■ Work to be completed
Using the listing below, extract each line that has the word "leaves" in it.

━━━ Supplied information

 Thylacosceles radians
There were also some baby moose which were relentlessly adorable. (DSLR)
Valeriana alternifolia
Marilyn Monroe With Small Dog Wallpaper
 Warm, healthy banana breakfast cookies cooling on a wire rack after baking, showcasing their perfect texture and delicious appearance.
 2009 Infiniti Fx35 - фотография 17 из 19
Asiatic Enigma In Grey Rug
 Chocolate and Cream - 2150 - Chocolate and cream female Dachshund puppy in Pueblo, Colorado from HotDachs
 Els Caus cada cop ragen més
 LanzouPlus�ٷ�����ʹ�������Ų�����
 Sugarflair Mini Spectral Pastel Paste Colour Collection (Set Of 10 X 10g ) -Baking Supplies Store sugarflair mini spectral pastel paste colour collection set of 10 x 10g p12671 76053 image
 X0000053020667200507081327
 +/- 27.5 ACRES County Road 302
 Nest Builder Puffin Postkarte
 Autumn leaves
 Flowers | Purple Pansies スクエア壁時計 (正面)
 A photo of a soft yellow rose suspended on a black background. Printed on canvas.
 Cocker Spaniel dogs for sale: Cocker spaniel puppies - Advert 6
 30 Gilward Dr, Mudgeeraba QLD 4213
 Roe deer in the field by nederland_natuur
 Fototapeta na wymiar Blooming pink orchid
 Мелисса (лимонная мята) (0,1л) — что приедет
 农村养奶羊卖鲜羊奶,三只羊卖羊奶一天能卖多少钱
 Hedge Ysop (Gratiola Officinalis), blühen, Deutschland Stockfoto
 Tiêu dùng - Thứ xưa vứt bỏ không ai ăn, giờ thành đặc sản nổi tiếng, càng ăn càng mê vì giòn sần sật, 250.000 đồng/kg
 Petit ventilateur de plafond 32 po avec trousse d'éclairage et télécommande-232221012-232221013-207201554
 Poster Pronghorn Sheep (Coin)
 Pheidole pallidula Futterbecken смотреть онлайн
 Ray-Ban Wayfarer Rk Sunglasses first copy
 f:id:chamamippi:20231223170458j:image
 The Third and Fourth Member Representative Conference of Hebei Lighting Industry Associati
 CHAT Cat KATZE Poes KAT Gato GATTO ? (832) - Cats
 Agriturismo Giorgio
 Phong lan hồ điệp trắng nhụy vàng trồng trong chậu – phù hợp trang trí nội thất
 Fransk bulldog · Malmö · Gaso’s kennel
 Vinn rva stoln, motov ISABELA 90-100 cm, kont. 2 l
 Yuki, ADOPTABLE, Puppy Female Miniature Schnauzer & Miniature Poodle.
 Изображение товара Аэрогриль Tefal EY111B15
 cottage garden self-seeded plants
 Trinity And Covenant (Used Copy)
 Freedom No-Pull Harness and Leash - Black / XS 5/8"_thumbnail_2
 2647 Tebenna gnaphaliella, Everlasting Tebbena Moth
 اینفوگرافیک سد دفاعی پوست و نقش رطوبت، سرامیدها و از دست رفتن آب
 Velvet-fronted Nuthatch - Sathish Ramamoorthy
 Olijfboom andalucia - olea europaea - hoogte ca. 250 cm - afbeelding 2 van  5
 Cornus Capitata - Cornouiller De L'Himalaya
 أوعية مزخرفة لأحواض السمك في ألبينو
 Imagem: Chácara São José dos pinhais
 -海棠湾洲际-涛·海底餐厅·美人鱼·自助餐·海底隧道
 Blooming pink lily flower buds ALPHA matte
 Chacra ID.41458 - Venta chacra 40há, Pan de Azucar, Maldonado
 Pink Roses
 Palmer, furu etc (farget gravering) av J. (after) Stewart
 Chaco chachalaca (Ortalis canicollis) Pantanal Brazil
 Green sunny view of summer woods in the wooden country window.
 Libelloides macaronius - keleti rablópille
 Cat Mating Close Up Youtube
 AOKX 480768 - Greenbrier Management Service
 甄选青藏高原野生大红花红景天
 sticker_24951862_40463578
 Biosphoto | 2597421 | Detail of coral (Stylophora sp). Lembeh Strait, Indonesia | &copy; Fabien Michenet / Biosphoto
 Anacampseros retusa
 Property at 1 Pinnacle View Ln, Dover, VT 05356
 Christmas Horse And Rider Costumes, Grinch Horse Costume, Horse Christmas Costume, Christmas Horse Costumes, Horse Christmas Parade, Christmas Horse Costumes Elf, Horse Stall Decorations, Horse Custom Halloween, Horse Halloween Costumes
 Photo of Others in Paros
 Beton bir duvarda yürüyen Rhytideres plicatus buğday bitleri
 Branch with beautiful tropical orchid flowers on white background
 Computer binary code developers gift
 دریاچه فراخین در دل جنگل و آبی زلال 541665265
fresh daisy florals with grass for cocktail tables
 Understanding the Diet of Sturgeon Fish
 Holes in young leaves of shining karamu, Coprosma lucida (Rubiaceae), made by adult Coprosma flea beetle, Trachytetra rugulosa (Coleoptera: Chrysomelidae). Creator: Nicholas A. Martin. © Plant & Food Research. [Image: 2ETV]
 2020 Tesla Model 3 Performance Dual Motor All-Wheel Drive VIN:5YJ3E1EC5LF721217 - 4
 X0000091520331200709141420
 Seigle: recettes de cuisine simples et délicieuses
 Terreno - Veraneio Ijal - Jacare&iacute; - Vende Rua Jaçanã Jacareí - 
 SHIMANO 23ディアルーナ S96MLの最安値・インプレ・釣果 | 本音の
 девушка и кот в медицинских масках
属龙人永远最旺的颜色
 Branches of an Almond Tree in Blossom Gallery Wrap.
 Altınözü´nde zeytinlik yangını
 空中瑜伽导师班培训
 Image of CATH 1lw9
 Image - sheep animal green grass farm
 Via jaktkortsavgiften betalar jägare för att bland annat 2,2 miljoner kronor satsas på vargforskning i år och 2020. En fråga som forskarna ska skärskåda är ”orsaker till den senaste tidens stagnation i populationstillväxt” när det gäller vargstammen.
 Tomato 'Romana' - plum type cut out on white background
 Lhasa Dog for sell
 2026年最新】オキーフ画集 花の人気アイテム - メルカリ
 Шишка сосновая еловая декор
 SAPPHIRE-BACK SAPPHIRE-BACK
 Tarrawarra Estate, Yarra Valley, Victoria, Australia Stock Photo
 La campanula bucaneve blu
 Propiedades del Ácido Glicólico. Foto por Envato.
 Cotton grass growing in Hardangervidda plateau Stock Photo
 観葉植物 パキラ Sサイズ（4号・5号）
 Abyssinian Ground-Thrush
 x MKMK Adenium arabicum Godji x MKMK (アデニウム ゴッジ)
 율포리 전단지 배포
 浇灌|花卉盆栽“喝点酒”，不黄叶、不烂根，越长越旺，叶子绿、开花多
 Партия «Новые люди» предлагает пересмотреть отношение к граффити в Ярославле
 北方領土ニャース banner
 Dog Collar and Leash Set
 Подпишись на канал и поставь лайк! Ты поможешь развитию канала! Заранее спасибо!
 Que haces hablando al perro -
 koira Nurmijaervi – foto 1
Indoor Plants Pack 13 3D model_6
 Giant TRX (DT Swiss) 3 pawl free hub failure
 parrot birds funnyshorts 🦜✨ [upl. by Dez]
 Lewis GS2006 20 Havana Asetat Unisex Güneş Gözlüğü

━━━━━━

■ Response below
 Autumn leaves
 Holes in young leaves of shining karamu, Coprosma lucida (Rubiaceae), made by adult Coprosma flea beetle, Trachytetra rugulosa (Coleoptera: Chrysomelidae). Creator: Nicholas A. Martin. © Plant & Food Research. [Image: 2ETV]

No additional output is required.